● **Problem to work on**: Below are records with pictures. Reproduce exactly the lines from the line with "Snapshot of moon_winy" to the line with "Tromsø:Northern Lights Tour", inclusive, and leave each picture out.

● **Data**:
::::
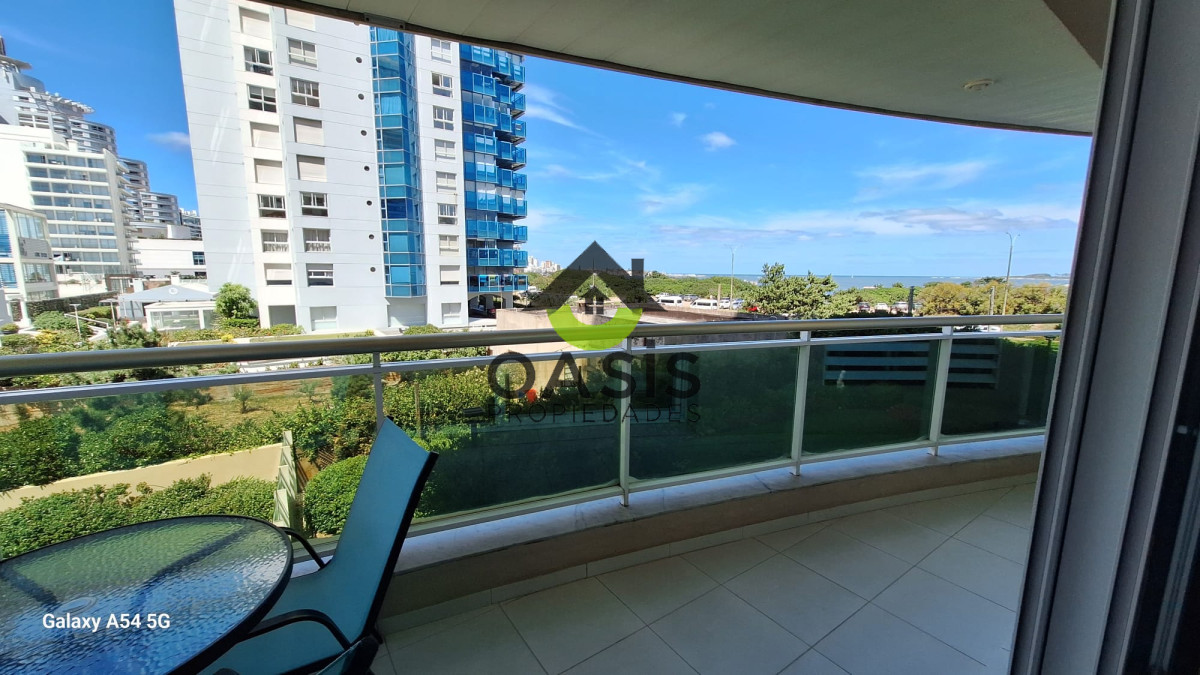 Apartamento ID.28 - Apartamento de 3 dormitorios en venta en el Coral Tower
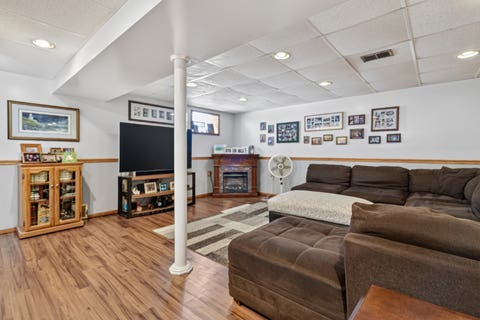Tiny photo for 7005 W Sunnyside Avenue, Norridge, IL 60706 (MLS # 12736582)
::::
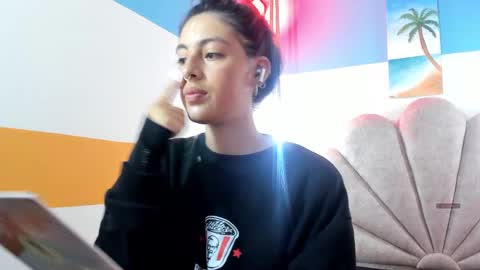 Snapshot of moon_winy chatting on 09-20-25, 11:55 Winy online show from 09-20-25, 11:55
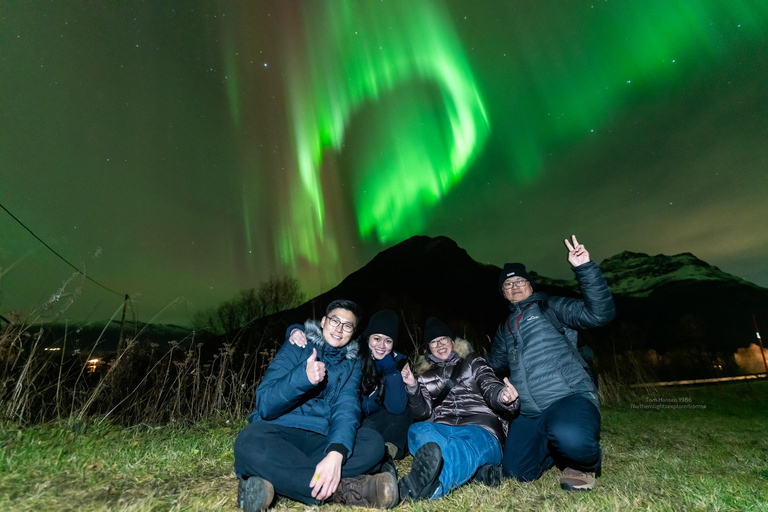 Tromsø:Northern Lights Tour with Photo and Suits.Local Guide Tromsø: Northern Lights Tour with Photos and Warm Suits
::::
● **Problem solution**:
 Snapshot of moon_winy chatting on 09-20-25, 11:55 Winy online show from 09-20-25, 11:55
 Tromsø:Northern Lights Tour with Photo and Suits.Local Guide Tromsø: Northern Lights Tour with Photos and Warm Suits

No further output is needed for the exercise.